The late A.A. Gill, in his notorious ‘Mad in Japan’ essay, concluded that the only way you could make sense of Tokyo was to think of it as a vast open-air lunatic asylum, with inmates instead of residents. Gill would have loved Arisa.

I don’t think I’ve ever encountered anything more stereotypically Japanese than Arisa. She’s a multilingual robot concierge at Nishi-Shinjuku station in central Tokyo, one of the thousands of new automatons installed in the city ahead of the Olympics next month. She has a rather creepy Doctor Who look to her — she could be Davros’s girlfriend — and she’s there to assist tourists. I considered testing Arisa by asking how to get to the famous Budokan concert hall, in the hope that she’d answer ‘Practise!’; but I’m not sure she’s programmed for humour.
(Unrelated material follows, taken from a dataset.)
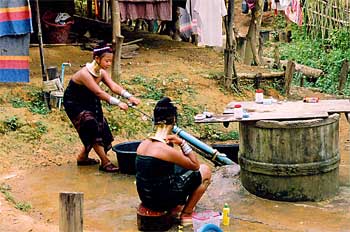 Mujeres jirafa sacando agua, Tailandia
The eccentricity of Japan is all-enveloping and inescapable: the frighteningly shrill screamed chorus of ‘Welcome’ whenever you enter a shop; the bizarre Japanese–English on packaging and billboards, hastily ‘translated’, presumably by non-native speakers, and apparently never checked. (‘The Day Nice Hotel’ and ‘Soup for Sluts’ are my personal favourites.) Then there are the council rose-bush pruners who wear crash helmets to do their work; the incomprehensible address system that makes a new location impossible to find (even with a robot assistant); the dangerous food, the highly prized but poisonous fugu pufferfish which kills a handful of people each year but is still sold as a delicacy. I could go on.

But Gill’s problem may have been that he didn’t stick around long enough (he hated the food). …

As Dikko Henderson, James Bond’s man in Japan, says as he fixes 007 a drink:‘I’ve been in Tokyo 20 years and I’m only beginning to find my way around.’ I imagine he wasn’t merely referring to directions.

So eventually you come to understand that the crash helmets of the rose pruners are not for safety, but part of a formal uniform. And you realise that Japanese-English is decorative and designed to get your attention, rather than be meaningful (you’ll never forget ‘Soup for Sluts’). And you suspect that addresses may be purposefully confusing to deter casual visitors and reward the truly committed with a sense of accomplishment. And you sense that perhaps the irritatingly inflexible and time-consuming etiquette and the vagueness of so much written information keeps us on permanent edge, always slightly anxious and uncertain, thus warding off complacency, laziness, decadence. And eating the pufferfish adds a certain Russian roulette excitement to a meal.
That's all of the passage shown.